Poisson_Corrected_PCA: PCA with Poisson measurement error
In PoissonPCA: Poisson-Noise Corrected PCA

Description Usage Arguments Details Value Author(s) Examples

View source: R/Corrected_PCA.R

Estimates the principal components of the latent Poisson means (possibly with transformation) of high-dimensional data with independent Poisson measurement error.

1	Poisson_Corrected_PCA(X,k=dim(X)[2]-1,transformation=NULL,seqdepth=FALSE)

`X`	Matrix or data frame of count variables
`k`	Number of principal components to calculate.
`transformation`	For estimating the principal components of a transformation of the Poisson mean.
`seqdepth`	Indicates what sort of sequencing depth correction should be used (if any).

The options for the transformation parameter are:

NULL or "linear" - these perform no transformation.

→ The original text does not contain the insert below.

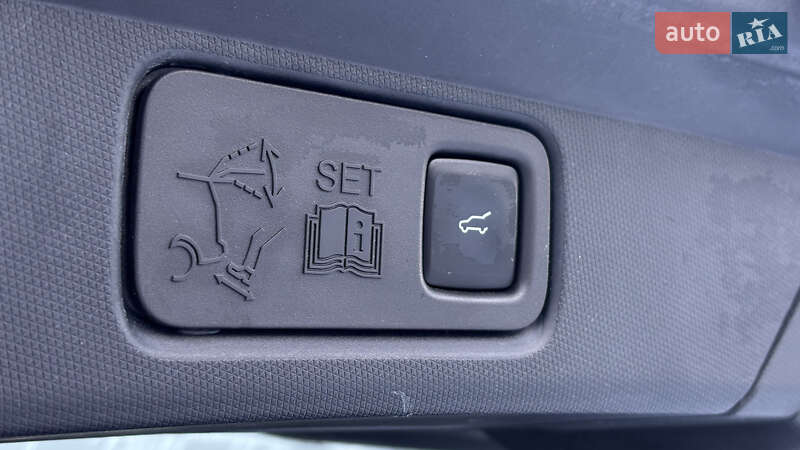 Позашляховик / Кросовер Ford Mustang Mach-E 2021 в Радивиліві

"log" - this performs a logarithmic transformation

a list of the following functions:

f(x) - evaluates the function deriv(x) - evaluates the derivative of the function solvefunction(target) - evaluates the inverse of the function g(x) - an estimator for f(lambda) from a Poisson observation x with mean lambda CVar(x) - an estimator for the conditional variance of g(x) conditional on lambda from the observed value x

the function polynomial_transformation creates such a list in the case where f is a polynomial using unbiassed estimators for g and CVar. The function makelogtransformation creates an estimator for the logarithmic transformation. The "log" option uses this function with parameters a=3 and N=4, which from experiments appear to produce reasonable results in most situations.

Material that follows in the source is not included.